Oct. 27, 2013
Thirtieth Sunday in Ordinary Time
Sirach 35:12-14, 16-18
2 Timothy 4:6-8, 16-18
Luke 18:9-14

Any high school religion teacher has heard teenagers try to justify not attending church on Sunday by criticizing the weekday behavior of those who do attend. And who has not heard adults judge the actions of active members in a parish? It is not difficult to see the faults of others.

We have heard this Gospel often and we come to it quite ready to make a judgment. We immediately want to say that the tax collector is a better human being than the Pharisee and we should try to be like the tax collector.
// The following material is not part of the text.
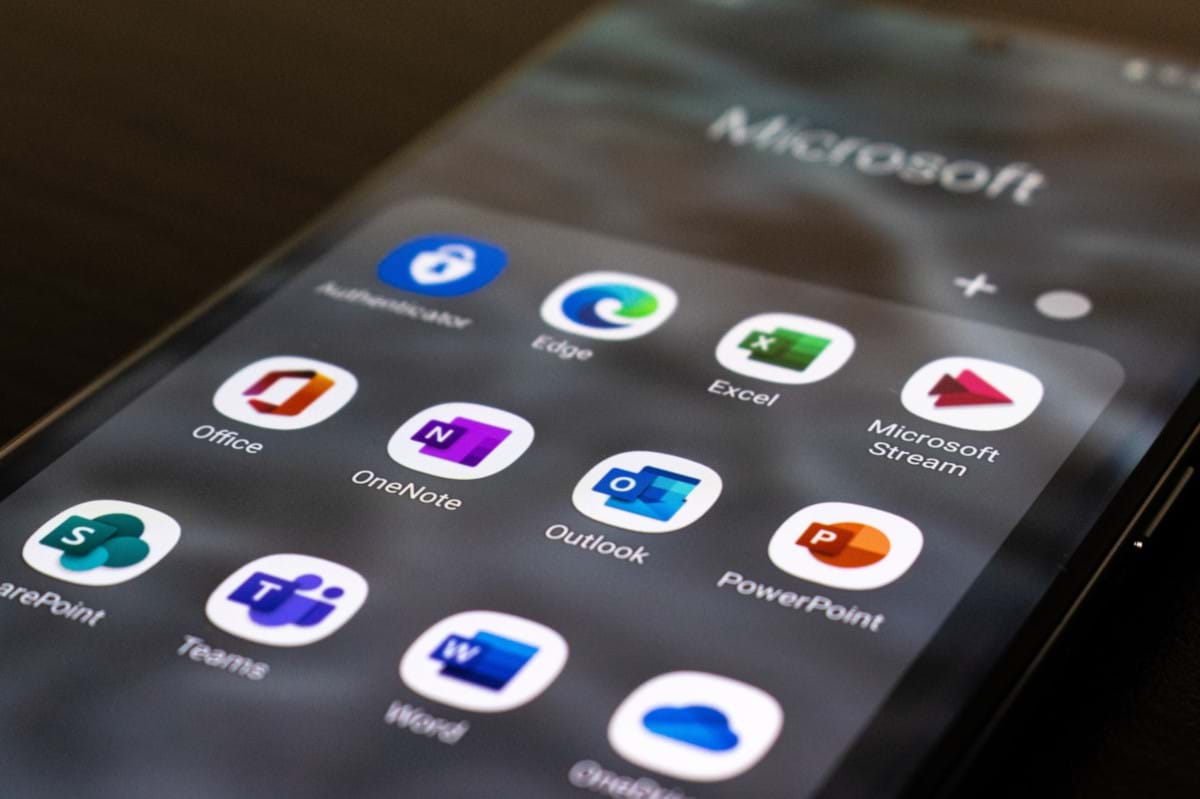 Closeup of a smartphone screen showing the app icons for all the Microsoft 365 applications.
In modern English, a "Pharisee" has implications of the hypocritical.  This was not true during Jesus’ time. Pharisees were noted for their strict observance of rites and ceremonies and for insisting on the validity of oral tradition regarding Jewish religious law. They represented the group with the most rigorous adherence to the Law. They thought of themselves as models of holiness. But, like every group, there were some among them unfaithful to the spirit that ought to motivate religious observance. Tax collectors were thought of as models of greed and dishonesty who worked for an occupying nation. They were thought of as traitors.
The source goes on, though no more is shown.